Scraped caption text data
▼▼▼

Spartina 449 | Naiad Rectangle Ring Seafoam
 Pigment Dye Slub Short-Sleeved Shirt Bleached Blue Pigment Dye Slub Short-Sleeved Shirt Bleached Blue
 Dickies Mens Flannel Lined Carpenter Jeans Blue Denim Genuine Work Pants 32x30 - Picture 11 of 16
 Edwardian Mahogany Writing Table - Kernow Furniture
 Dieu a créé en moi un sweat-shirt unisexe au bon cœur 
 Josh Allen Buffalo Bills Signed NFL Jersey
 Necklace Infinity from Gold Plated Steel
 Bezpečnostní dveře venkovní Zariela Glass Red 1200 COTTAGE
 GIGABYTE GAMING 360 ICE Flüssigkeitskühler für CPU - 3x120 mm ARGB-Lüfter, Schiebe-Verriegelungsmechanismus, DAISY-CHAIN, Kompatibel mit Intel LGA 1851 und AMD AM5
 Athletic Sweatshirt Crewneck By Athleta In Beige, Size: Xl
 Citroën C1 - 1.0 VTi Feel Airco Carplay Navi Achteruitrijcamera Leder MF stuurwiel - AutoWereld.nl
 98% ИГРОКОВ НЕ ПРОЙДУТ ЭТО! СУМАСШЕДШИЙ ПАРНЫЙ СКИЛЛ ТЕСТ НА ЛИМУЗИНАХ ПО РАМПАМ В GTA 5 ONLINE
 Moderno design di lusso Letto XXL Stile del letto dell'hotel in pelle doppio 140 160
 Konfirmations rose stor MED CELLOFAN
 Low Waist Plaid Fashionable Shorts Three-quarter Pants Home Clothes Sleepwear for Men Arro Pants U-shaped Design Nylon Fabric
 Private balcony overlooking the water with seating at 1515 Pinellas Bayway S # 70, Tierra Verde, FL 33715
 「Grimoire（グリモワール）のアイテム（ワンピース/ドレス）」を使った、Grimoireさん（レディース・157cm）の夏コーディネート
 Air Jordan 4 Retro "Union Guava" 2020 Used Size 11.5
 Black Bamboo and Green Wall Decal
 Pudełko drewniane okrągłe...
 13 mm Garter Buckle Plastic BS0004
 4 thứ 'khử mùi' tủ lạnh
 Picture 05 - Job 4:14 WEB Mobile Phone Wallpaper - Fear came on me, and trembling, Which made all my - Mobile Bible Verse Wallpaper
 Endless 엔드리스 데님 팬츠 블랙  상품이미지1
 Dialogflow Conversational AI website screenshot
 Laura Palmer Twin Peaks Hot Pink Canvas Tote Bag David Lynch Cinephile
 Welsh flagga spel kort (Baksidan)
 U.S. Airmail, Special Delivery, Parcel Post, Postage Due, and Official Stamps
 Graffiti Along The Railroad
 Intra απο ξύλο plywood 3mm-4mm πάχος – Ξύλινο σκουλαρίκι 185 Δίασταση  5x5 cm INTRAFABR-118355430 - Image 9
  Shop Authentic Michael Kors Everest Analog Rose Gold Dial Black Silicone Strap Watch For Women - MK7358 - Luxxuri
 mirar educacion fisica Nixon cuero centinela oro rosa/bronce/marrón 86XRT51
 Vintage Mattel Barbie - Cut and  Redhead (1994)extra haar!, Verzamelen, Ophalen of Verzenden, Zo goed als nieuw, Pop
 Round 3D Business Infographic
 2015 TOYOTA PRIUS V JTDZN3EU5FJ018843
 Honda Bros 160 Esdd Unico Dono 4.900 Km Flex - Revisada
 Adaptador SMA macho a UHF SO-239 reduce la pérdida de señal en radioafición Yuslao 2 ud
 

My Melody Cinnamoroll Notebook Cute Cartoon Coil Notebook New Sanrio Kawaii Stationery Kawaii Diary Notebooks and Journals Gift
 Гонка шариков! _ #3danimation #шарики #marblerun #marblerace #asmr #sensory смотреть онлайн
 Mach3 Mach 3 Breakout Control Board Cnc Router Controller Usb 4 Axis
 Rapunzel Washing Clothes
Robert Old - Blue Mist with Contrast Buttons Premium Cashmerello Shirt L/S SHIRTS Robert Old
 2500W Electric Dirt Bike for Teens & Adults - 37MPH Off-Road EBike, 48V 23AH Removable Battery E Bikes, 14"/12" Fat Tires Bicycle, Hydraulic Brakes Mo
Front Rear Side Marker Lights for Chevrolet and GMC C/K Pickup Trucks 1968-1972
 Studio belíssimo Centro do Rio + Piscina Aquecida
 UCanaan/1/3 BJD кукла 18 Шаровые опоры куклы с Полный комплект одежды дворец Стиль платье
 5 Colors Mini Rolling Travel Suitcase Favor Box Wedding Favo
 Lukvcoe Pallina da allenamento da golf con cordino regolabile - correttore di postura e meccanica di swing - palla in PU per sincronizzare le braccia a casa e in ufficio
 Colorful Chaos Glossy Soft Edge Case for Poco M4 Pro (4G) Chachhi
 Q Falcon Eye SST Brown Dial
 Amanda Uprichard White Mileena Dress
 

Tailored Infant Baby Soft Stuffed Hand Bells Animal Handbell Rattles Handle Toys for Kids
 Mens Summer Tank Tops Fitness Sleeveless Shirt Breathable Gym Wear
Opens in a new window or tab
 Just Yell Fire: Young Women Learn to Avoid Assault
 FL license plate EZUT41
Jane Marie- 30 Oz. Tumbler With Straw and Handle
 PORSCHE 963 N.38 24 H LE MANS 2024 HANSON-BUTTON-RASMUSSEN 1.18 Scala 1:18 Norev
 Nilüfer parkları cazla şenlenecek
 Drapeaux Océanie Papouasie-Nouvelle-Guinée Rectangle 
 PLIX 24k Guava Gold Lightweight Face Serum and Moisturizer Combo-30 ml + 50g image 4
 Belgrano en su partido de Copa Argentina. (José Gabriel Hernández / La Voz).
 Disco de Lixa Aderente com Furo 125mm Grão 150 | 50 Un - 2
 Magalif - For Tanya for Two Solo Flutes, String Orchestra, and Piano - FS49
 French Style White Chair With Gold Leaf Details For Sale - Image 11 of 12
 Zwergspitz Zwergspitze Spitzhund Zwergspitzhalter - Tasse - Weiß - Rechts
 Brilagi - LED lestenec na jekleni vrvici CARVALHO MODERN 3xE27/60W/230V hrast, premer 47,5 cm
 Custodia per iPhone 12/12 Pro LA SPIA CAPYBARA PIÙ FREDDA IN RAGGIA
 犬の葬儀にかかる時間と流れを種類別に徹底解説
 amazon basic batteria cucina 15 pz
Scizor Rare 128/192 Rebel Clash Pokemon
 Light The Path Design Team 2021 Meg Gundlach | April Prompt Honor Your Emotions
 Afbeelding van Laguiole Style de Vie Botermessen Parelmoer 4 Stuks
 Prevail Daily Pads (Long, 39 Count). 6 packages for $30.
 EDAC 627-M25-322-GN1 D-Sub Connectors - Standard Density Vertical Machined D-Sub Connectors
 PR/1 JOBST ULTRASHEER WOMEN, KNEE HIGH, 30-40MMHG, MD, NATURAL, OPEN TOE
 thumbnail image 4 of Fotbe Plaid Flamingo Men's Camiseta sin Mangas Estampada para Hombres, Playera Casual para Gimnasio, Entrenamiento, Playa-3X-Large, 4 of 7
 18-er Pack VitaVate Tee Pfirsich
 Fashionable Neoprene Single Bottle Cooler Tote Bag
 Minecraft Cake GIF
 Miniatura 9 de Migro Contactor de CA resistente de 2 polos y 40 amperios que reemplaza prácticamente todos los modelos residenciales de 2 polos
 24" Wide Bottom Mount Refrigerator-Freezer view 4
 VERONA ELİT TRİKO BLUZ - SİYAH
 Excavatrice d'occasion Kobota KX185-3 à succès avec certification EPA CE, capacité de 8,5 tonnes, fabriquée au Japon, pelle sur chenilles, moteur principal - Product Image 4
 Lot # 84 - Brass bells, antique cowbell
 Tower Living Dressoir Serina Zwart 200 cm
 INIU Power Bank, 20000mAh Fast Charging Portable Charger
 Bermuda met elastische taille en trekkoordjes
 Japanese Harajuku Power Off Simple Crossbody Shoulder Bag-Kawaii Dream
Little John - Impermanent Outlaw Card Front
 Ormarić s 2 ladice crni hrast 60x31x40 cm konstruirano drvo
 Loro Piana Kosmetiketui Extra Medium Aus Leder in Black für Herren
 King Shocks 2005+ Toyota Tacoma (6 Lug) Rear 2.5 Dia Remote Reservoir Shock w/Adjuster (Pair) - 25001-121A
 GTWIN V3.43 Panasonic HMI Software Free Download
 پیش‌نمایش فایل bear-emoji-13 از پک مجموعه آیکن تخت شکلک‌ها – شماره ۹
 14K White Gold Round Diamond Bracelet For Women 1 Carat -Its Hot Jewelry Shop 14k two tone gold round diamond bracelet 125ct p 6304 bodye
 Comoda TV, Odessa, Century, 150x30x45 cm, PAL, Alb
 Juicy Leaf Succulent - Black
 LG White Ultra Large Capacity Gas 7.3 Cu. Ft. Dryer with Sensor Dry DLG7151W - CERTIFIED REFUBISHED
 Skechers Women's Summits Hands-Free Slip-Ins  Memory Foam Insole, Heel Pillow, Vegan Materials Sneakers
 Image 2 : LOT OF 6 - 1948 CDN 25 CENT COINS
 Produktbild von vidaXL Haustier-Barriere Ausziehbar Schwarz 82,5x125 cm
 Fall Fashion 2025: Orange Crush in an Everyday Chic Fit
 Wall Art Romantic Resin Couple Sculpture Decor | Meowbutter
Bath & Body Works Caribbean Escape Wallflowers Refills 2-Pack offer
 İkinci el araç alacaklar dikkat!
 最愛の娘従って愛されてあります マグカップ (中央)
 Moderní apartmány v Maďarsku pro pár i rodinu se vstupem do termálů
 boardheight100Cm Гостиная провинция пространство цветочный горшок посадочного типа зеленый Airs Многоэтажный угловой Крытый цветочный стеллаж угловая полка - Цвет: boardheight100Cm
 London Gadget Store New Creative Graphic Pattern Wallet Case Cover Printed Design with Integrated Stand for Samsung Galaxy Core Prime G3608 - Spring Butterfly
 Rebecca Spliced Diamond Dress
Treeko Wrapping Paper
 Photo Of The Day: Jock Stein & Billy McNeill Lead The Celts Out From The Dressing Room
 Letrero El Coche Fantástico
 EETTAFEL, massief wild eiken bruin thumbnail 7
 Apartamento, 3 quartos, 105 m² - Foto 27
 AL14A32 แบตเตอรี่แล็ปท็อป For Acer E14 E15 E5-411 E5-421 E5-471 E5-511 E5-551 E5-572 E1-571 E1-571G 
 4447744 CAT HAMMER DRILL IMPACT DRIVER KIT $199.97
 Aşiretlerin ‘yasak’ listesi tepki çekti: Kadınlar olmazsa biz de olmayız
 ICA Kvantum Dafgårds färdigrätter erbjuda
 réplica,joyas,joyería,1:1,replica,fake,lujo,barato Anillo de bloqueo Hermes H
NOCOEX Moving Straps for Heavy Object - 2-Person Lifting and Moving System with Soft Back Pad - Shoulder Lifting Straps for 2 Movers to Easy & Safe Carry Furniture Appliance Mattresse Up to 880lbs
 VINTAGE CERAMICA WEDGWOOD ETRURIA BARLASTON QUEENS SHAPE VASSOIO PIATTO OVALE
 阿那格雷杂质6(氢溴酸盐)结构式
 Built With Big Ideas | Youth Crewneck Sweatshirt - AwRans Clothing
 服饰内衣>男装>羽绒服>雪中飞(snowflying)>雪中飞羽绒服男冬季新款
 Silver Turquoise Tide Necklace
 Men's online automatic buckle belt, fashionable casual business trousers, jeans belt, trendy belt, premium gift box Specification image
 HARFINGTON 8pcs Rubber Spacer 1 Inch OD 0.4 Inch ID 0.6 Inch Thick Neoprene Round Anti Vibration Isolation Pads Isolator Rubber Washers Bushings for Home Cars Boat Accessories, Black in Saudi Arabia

▲▲▲

### WORK ORDER
The required answer is the exact run of lines above starting at the line with "mirar educacion fisica" and ending at the line with "2015 TOYOTA PRIUS V JTDZN3EU5FJ018843", with both ends present.

### RESPONSE FOR THIS EXERCISE
 mirar educacion fisica Nixon cuero centinela oro rosa/bronce/marrón 86XRT51
 Vintage Mattel Barbie - Cut and  Redhead (1994)extra haar!, Verzamelen, Ophalen of Verzenden, Zo goed als nieuw, Pop
 Round 3D Business Infographic
 2015 TOYOTA PRIUS V JTDZN3EU5FJ018843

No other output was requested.